Wait Till Next Year: A Memoir by Doris Kearns Goodwin
I have seen Presedential historian Doris Kearns Goodwin appear many times on TV political talk shows. I have also heard her speak on several occasions about her love for the Brooklyn Dodgers. You can imagine mydelight when I came across a copy of her 1997 book Wait Till Next Year: A Memoir at a used book sale. A favorite topic of mine–The Brooklyn Dodgers–by a favorite writer. This memoir recounts Doris’ childhood in the 40s and 50s in Brooklyn and later in Rockville Center, NY.
Goodwin uses the season-to-season rhythms of baseball to create the arch of her formative years. She uses this baseball canvass to weave several distinct plot lines, involving family, community, catholicism, and world events. The book is about baseball, but baseball is not its central theme, far from it.
Doris has nothing but wonderful memories of her parents; each somewhat flawed, her mother dying at the age of 51 and being sick for most of Doris’ early life. Her father had experienced the death of two siblings and both parents, the last from suicide as a boy and was shipped off to a foster home. Neither parents’ situations seemed to hurt Doris’ relationship with her parents. If anything, it helped broaden her appreciation of her parents; an unusual trait for a youngster.
Doris grew up the youngest of three sisters by a number of years which thrust her into adult-type conversations. This experience gave her the traits of inquisitiveness and precociousness. This familial experience also seemed to have left her with an indomitably positive person–a trait which comes across throughout her book.
Even during the apparent idyllic time of the 50s, many unsettling historical events took place, the polio epidemic, McCarthyism, Little Rock School integration, and nuclear air raid drills being among them.
Doris writes about both the Dodgers and the Giants leaving New York city for the West Coast and uses that incident to talk about how the old neighborhood had changed as well, many families moved out to further their careers and status in life as well as the demise of the corner drug store and local butcher shop–both closed down.
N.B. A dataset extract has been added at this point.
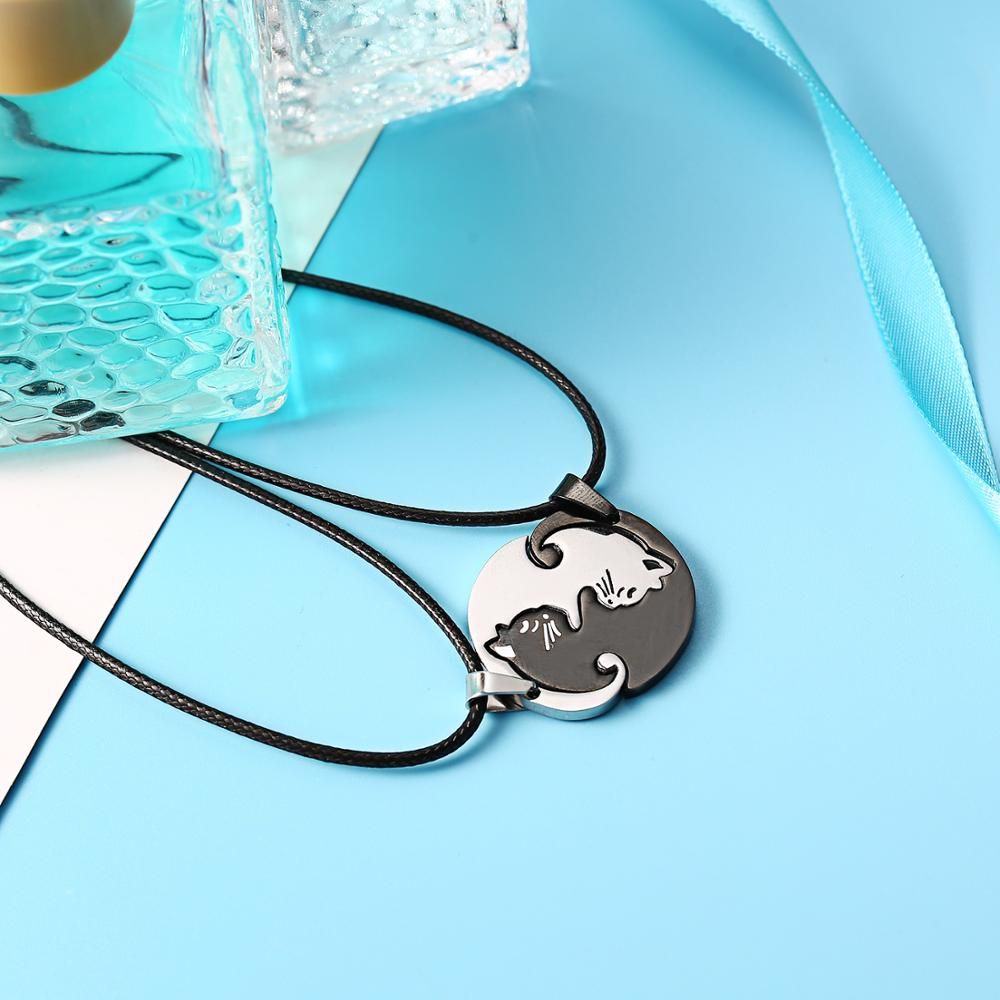 1 pair Jewelry Valentine's Day Round Couple Black White Cat Necklace Pendant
It seems the end of her childhood perfectly coincided with this dramatic move of two of NYC’s historic treasures and the disappearance of her beloved neighborhood.
- How she and best friend Elaine shared a blanket during the Summer with dueling radios, Doris’ with Red Barber announcing for the Dodgers while Elaine’s radio was tuned to Mel Allen broadcasting for the arch enemies, the Yankees.
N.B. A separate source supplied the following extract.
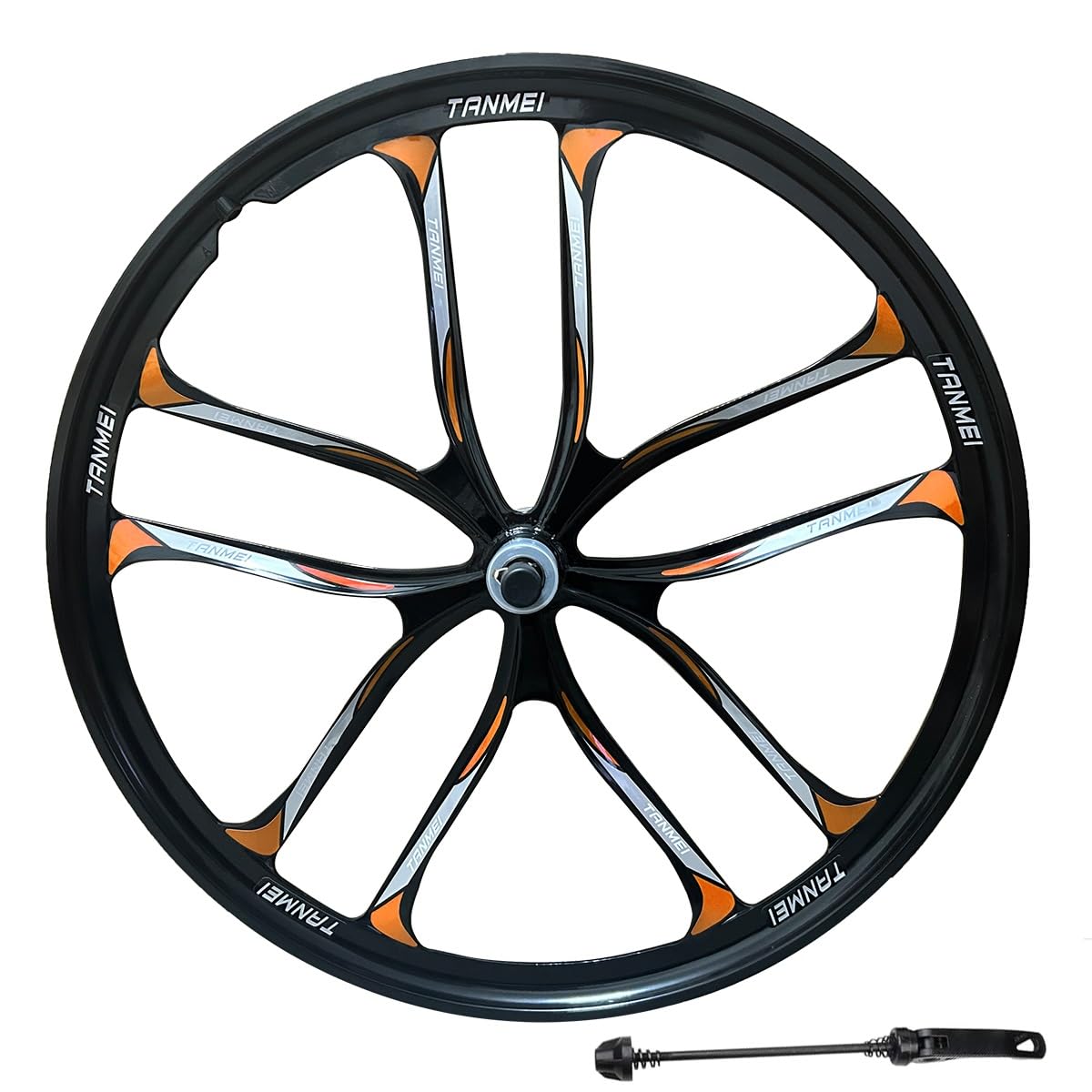QUYCOIU Bike Wheel Set 24/26/27.5 Inch Magnesium Alloy One-Piece Bike Wheels 10 Spokes Rim Front & Rear 100x135mm For 6-9s Freewheel Quick Release Axles(Black-Orange,26in-Front)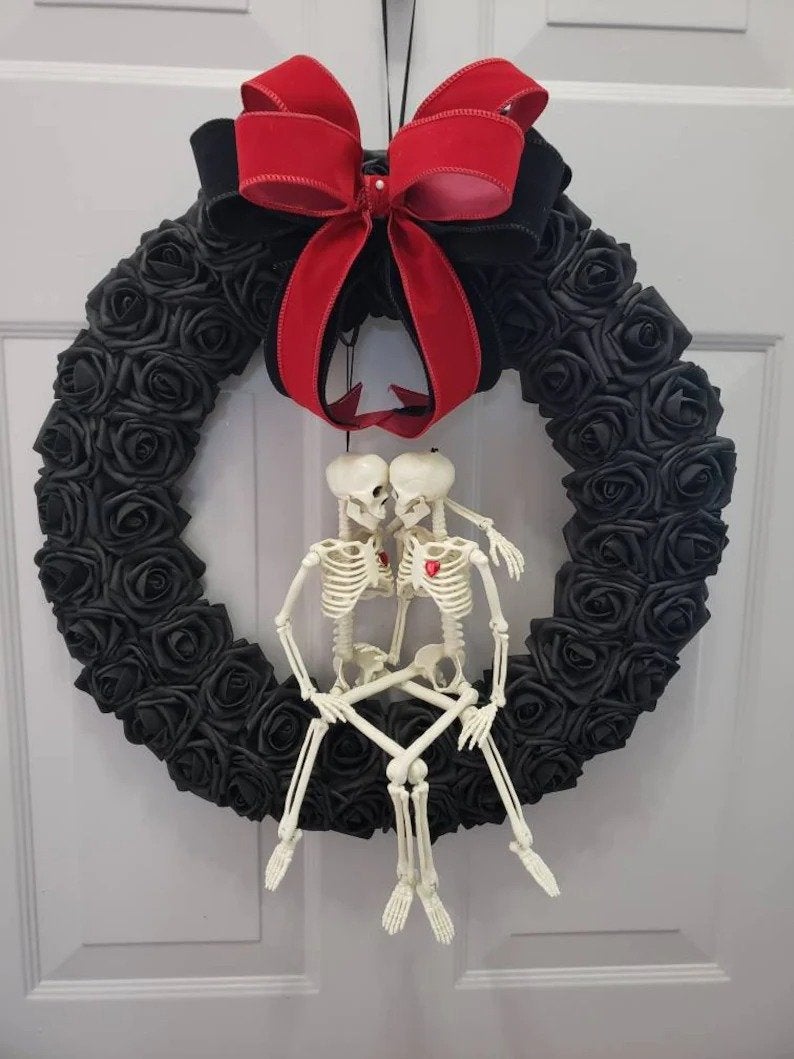 Gothic Skeleton Lovers Wreath, Halloween & Valentine's Day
- Doris had a running friendly rivalry with a local butcher shop who owners were rabid fans of the Giants. After Bobby Thomson’s historic home run in 1951, Doris couldn’t get herself to visit the butcher shop until they sent her a bouquet of flowers.
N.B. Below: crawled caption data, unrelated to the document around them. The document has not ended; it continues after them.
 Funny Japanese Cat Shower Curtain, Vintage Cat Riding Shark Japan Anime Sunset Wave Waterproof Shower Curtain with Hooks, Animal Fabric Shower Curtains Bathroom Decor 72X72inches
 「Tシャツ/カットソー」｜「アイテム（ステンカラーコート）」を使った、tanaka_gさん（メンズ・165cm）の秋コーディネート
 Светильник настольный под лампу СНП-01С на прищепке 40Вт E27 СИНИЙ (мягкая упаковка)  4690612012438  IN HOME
How Doris was nervous during her first Catholic confession because she had to admit to the Priest that she wished ill of the opposing teams’ players.
“And what else my child?”
“I wished harm to Allie Reynolds.”
“The Yankee pitcher?” he asked, surprise and concern in his voice. “And how did you wish to harm him?”
“I wanted him to break his arm.”
“And were there others”
“Oh , yes,” I admitted. “I wished that Robin Roberts of the Philies would fall down the steps of his stoop, and that Richie Ashburn would break his hand.
“For your pennance, say two Hail Marys, three Our Fathers, and, ” he added, with a chuckle, “say a special prayer for the Dodgers. Now say the Act of Contrition.”
Excerpted from pp 107-108 Wait Till Next Year 1997 Harcover edition.
Kearns Goodwin is a gifted storyteller. She brings coming to age in the 50s into vivid relief for us in Wait. The book is about baseball, but much more than baseball and that is a good thing.
BoB Rating Home Run (a wonderful memoir even if baseball wasn’t its central theme)
Amazon (4.5 stars), Barnes and Noble (4.3 stars), Goodreads (4.0 stars)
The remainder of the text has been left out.